Die Wirte in den Doerfern waren verpflichtet, 1/2 Desjatine Obstgarten am Hofe, 1/4 Desjatinen Maulbeerbaeume und 1/4 Desjatinen Waldbaeume anzupflanzen, die Poststrassen mit Daemmen und Bruecken zu versehen und vermauerte Werstpfeiler zu errichten. Sie waren zehn Jahre frei von der Abgabenzahlung. Es wurden von den 120.000 Desjatinen Land zwei Werst breite Tschumakenwege, die Salztrakte aus der Krim, angelegt, damit auf denselben Oschfuhren fahren koennten, und das Zugvieh, wenn es ausgespannt wurde, oder auch Vieh, das getrieben wurde, frei weiden konnte. Drei Traktieren (Gasthaeuser) mit Brunnen dabei wurden am Tschumakenwege angelegt, das eine, genannt "drei Rosen", unweit der Stelle, wo jetzt Kleefeld ist, das zweite nicht weit von dort in suedwestlicher Richtung, wo jetzt das Dorf Steinfeld steht, und das dritte bei Tiegerweide. Lange Reihen von russischen Pavosen (Wagen) mit weissen Oschen davor, sah man oft auf dem Tschumakenwege einherziehen oder Herden von Schafen und Kindern und Pferden wurden darauf geweidet und getrieben.

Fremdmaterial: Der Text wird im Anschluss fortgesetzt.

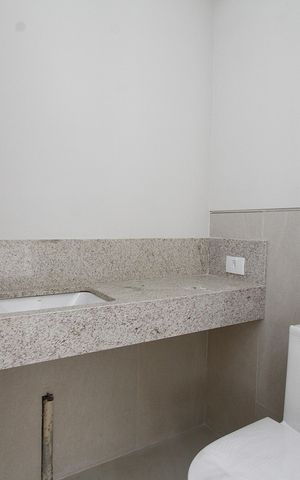 Apartamento à venda com 69m², 2 quartos e 2 vagasBanheiro da Suíte 2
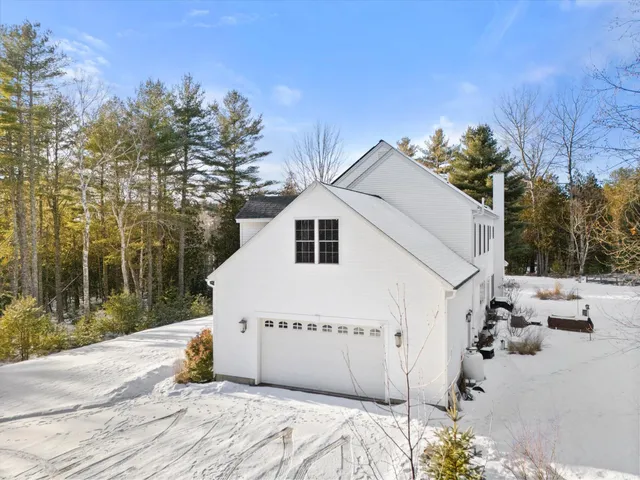 $784,900 | 65 Barrett Lane, Holden, ME 04429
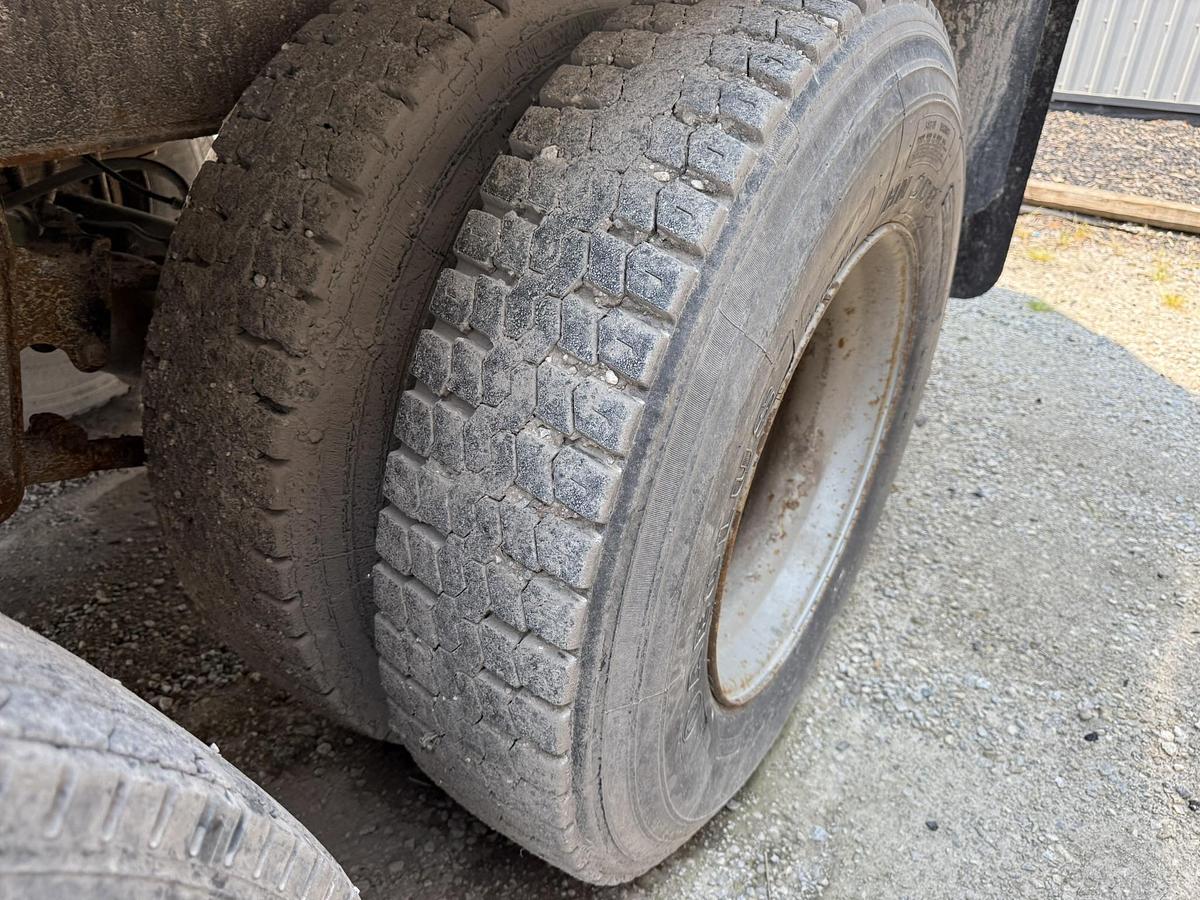 Used Alliston Machinery 24' Bulk Box With Tandem Axle Undercarriage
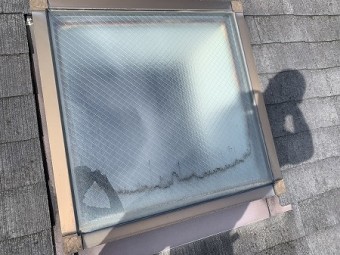 天窓からの雨漏りは良く見られます。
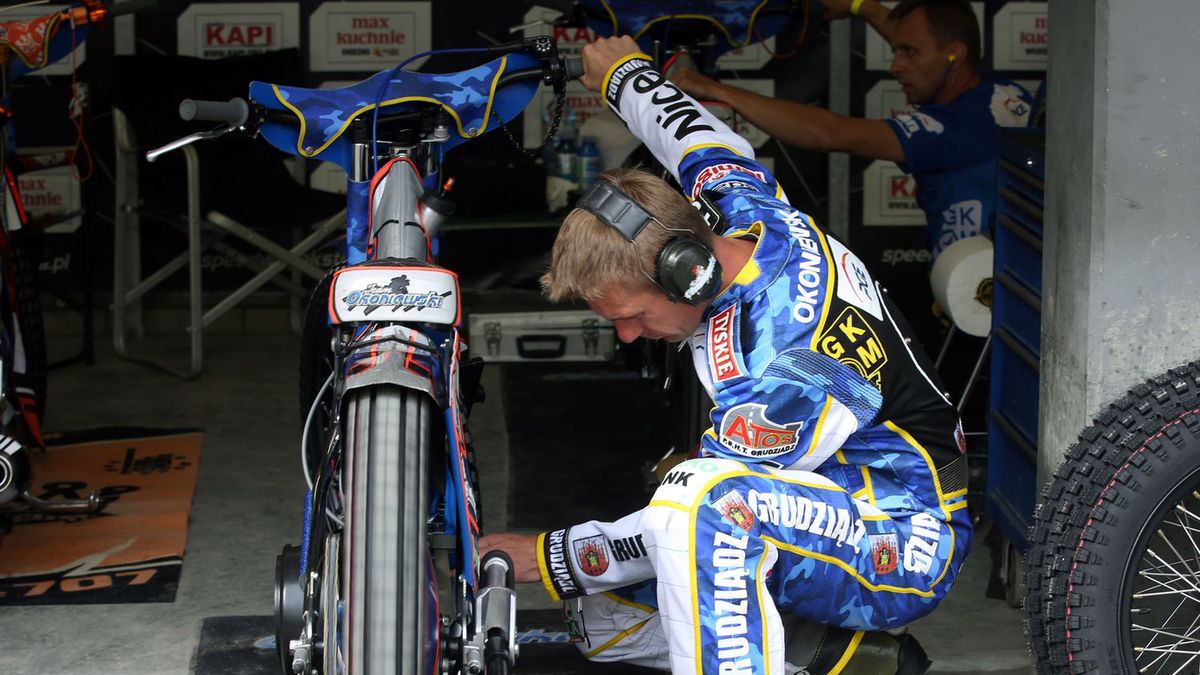 WP SportoweFakty / Łukasz Trzeszczkowski / Rafał Okoniewski szykuje motocykl do jazdy.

Nach Ansiedlung der Doerfer von Ladekopp bis Altenau wurde nach und nach das ganze von der Krone erhaltene Land besiedelt, bzw. Doerfer darauf angelegt. Lange hatte die ganze Ansiedlung bzw. Kolonie nur eine Gebietsverwaltung, das Gebietsamt zu Halbstadt; spaeter 1870 wurde die Kolonie in zwei Wollosten geteilt, die Halbstaedter und Gnadenfelder, die erste mit dem alten Amtshause in Halbstadt, die andere mit dem Amtshause in Gnadenfeld. Die hoechsten mennonitischen Beamten in den mennonitischen Kolonien sind eben die Bezirksaeltesten, und in jedem Dorfe der Dorfsaelteste.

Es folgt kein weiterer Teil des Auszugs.